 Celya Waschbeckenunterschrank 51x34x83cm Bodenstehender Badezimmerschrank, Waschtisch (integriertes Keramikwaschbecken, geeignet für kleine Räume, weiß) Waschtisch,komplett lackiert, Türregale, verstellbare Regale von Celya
☆ ☆ ☆ ☆
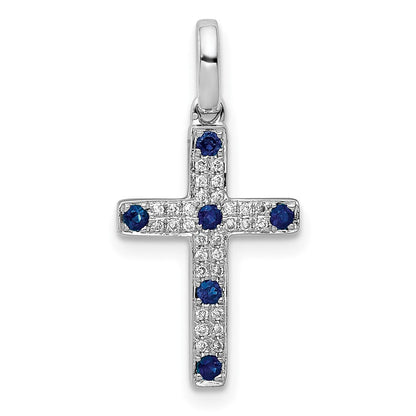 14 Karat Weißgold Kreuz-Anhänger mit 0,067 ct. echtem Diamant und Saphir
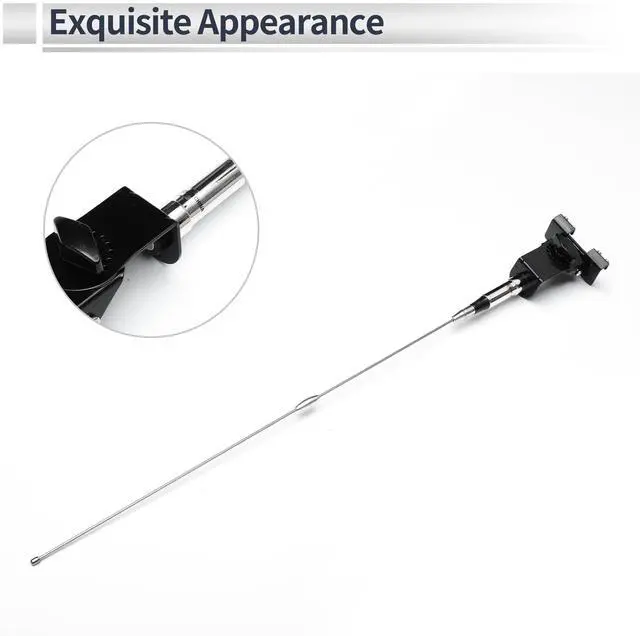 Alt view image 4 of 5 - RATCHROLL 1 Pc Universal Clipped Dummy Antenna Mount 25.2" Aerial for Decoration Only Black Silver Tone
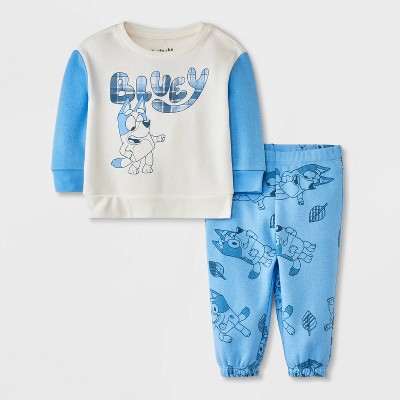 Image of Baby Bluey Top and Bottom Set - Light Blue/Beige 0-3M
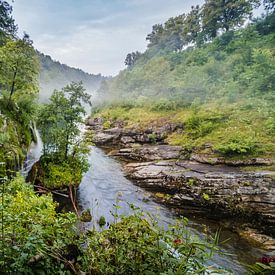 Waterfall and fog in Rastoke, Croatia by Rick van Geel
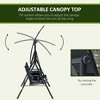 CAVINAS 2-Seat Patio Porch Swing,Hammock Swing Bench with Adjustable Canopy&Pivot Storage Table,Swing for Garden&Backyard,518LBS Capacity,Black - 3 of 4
☆ ☆ ☆ ☆
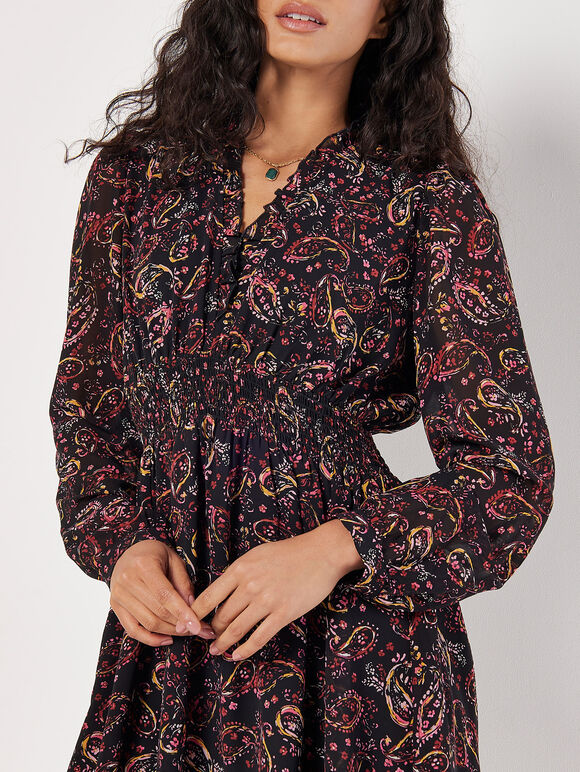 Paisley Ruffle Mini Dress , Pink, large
☆ ☆ ☆ ☆
**TASK**
Respond with the exact lines above running from the one containing "14 Karat Weißgold" to the one containing "CAVINAS 2-Seat Patio", both ends kept and no pictures included.

**EXERCISE RESULT**
 14 Karat Weißgold Kreuz-Anhänger mit 0,067 ct. echtem Diamant und Saphir
 Alt view image 4 of 5 - RATCHROLL 1 Pc Universal Clipped Dummy Antenna Mount 25.2" Aerial for Decoration Only Black Silver Tone
 Image of Baby Bluey Top and Bottom Set - Light Blue/Beige 0-3M
 Waterfall and fog in Rastoke, Croatia by Rick van Geel
 CAVINAS 2-Seat Patio Porch Swing,Hammock Swing Bench with Adjustable Canopy&Pivot Storage Table,Swing for Garden&Backyard,518LBS Capacity,Black - 3 of 4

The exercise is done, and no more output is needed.